そうだ。今、思い出した。30年前といえば、月刊『ガロ』に私は連載をしていた。
「鈴木邦男の文化サーフィン」だ。映画、落語、芝居などを毎日のように見て歩き、それを書いたのだ。
左右の運動の話なんて全くない。実に文化的な生活だった。
時間があったからなのか、のんびりと、一日中、歌舞伎を見たり、落語家とお酒を飲んだりしていた。
その中で、生まれ、考えたことは多い。
でも、本は30冊は読んでいたようだ。
中野図書館では月に30冊、借りられる。大活字コーナーは500冊くらい読んだ。
又、作家だと、テーマごとにその棚を一つずつ制覇している。
新書の棚なんか、「歴史」「芸術」「生活」…と、まとめて15冊ずつ読んでいる。
「じゃ、ここから15冊だ」となると、思いもかけない本も入っている。でも仕方なく読む。

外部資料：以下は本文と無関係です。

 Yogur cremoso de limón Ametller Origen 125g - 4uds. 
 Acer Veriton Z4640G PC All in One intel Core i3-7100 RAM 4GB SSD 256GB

今週は港千尋『芸術回帰論』、大場秀章『バラの誕生』、安藤優一郎『大名庭園を楽しむ』なんて読んだな。
『結び方、しばり方の早引き便利帳』なんて本も読んだな。ひもの結び方の本だ。紙飛行機の本も読んだ。
「棚のはじから15冊」という感じで読んでるから、全く意外なものも入る。
いいだろう。河口鴻三『和製英語が役に立つ』は面白かった。どの本だったか忘れたが、「もの忘れ」の本にあった。
「固有名詞は忘れても、抽象名詞は忘れない」と書いていた。
人の名前、土地の名前などはどんどん忘れるが、〈愛〉、〈平和〉、〈戦争〉などの抽象名詞は忘れない。そっちの方が大切だからだ、という意味らしい。
だから円丈さんも、その辺の人の名前や、土地の名前なんか忘れていいんだ。
どうせ、自分より劣った人間どもだ。覚えてなくても…。
むしろ、〈戦争〉とか〈平和〉について、思いつくままに、筋書きもなく、喋ったらいい。
どこで終わってもいい。毎回、違ってもいい。円丈さんのその時の思い、怒り、憂い…だけを喋ったらいい。そしたら、カンペなんかいらないよ。
今度会ったら、そう言ってみよう。
⑦前に講道館で一緒に柔道を習っていた五味田君もフォーラムに来てくれました。「今、これを読んでるんです」と1冊の本を取り出しました。谷口雅春先生の『人生を支配する先祖供養』です。生長の家や大本教に関心があるそうです。久しぶりに会ったら、私を見て、「大本教の出口王仁三郎に似てきましたね」と不思議なことを言ってました。